## Aim of the exercise
The required output is the exact run of lines in the listing below from the line holding "ZAPATILLAS DAINESE METRACTIVE" through the line holding "Kedron Valley Inn", with no pictures.

## Data for the task

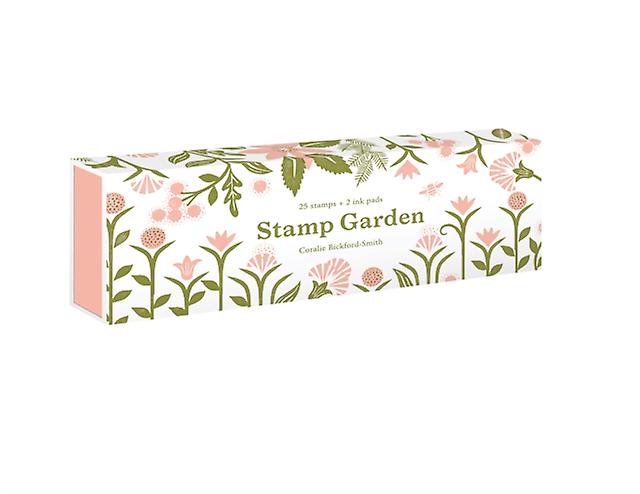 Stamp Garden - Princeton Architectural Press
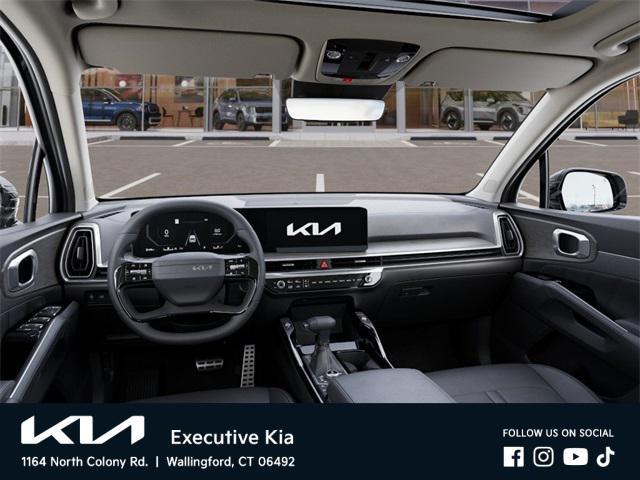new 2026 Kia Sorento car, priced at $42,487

---

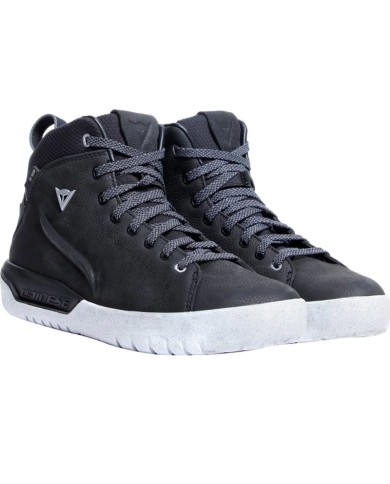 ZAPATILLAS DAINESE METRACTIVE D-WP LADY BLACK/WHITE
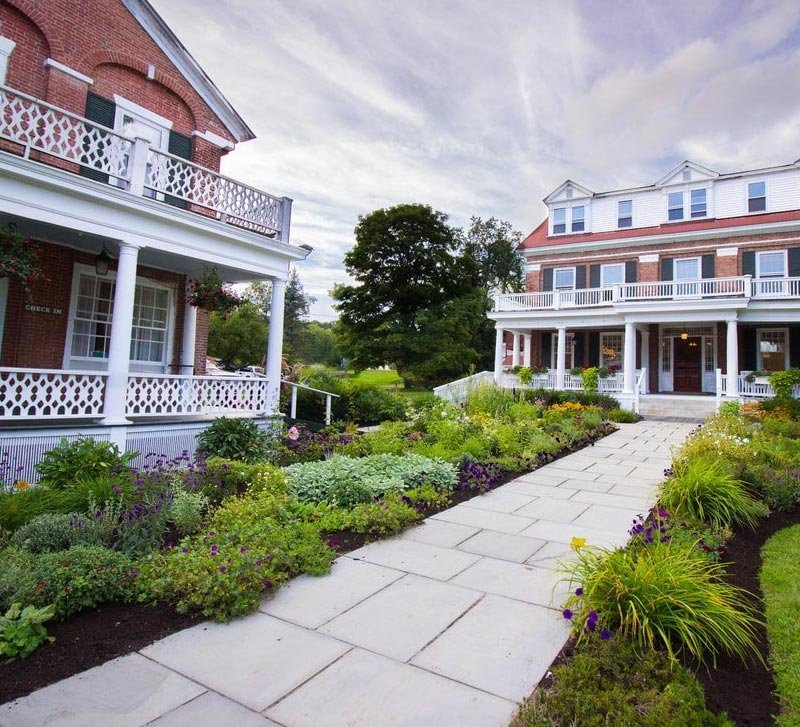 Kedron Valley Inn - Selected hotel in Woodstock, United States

## Answer for the task
 ZAPATILLAS DAINESE METRACTIVE D-WP LADY BLACK/WHITE
 Kedron Valley Inn - Selected hotel in Woodstock, United States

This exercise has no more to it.